The Ultimate Guide to E-Commerce URLs

The Ultimate Guide to E-Commerce URLs

Hello and welcome to Oxford Comma Digital’s ultimate guide to e-commerce URLs! This is a HUGE topic so settle in, get a cup of tea and feel free to look at the contents to skip to what you need to focus on. At the end of it, you’ll be an e-commerce URL expert! First things first, let’s go back to basics to make sure we’re all on a similar grounding.

What is a URL?

A URL is essentially an address for something on the web. It’s used by browsers to find a resource and it stands for Uniform Resource Locator. Let’s take this as an example:

In the image above, you have a blog page URL, the format of which looks like many other blog post URLs. You have your protocol, HTTP or HTTPS, which stands for Hypertext transport protocol. You then have our domain name for Oxford Comma Digital, oxford-comma.digital. Then the path, /thoughts/e-commerce-page-titles.

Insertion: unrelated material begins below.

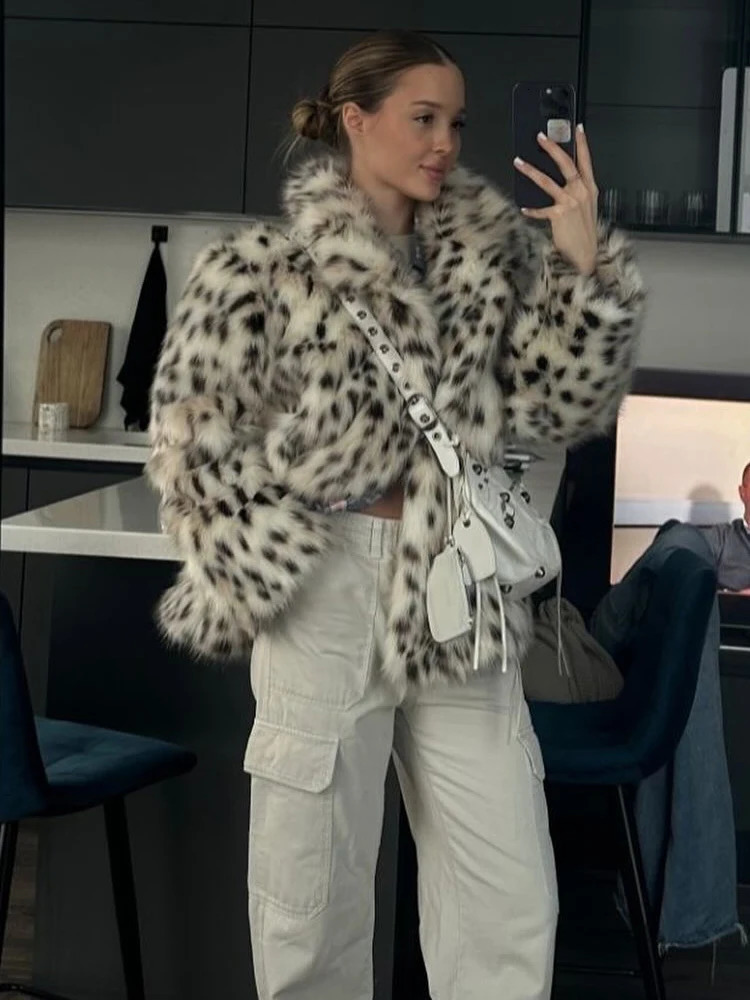 HH Winter Leopard Print Faux Fur Jackets For Women Long Sleeve Lapel Thick Warm Soft Fluffy Fur Coats Lady Loose Streetwear 251106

So that’s the main URL, however, you can have things appended to these, such as “?” and “#”, which we’ll explore in more depth later.

So now that we know what a URL is and what it’s made up of, let’s delve into some good rules to have for URLs that are applicable to all sites.

URL Best Practices

The following are best practices for all sites, whether it’s e-commerce or healthcare or anything in between. After this, we’ll delve into e-commerce-specific issues and recommendations.

URL Casing

It’s best to stick to lowercase URLs. There will be some cases where you can’t change this, sometimes file names or images on certain platforms can’t be edited and they have a capital letter in there. On a small scale or where there’s no lowercase alternative this is fine. The main problem we’re trying to avoid here is duplication.

Duplication is going to come up a lot in the following sections. It’s not always bad, but almost always, you want to avoid it and you definitely want to avoid it in the instance of having both lower and uppercase letters in your URL.

For example, if I had these URLs:

These are technically two different URLs as search engines such as Google are case sensitive but reading them, you’d expect that content to be exactly the same and what you’ll find is that some platforms will serve the same content for both of those URLs, which causes duplication.

So what you’ll want to do in these instances is add a redirect for anything with an uppercase to a lowercase (not taking into account the exceptions mentioned above) or be extremely careful about the URLs you end up creating and ensure that they only ever include lowercase characters.

Non-diacritic characters and symbols

For example, a space in a URL will result in that URL looking slightly different than what you’d expect:

And so, what you end up with is two versions of the URL. Now, Google says that they see the two URLs as being the same, however, when it comes to data analysis and symbols used in bulk, this can become a huge pain.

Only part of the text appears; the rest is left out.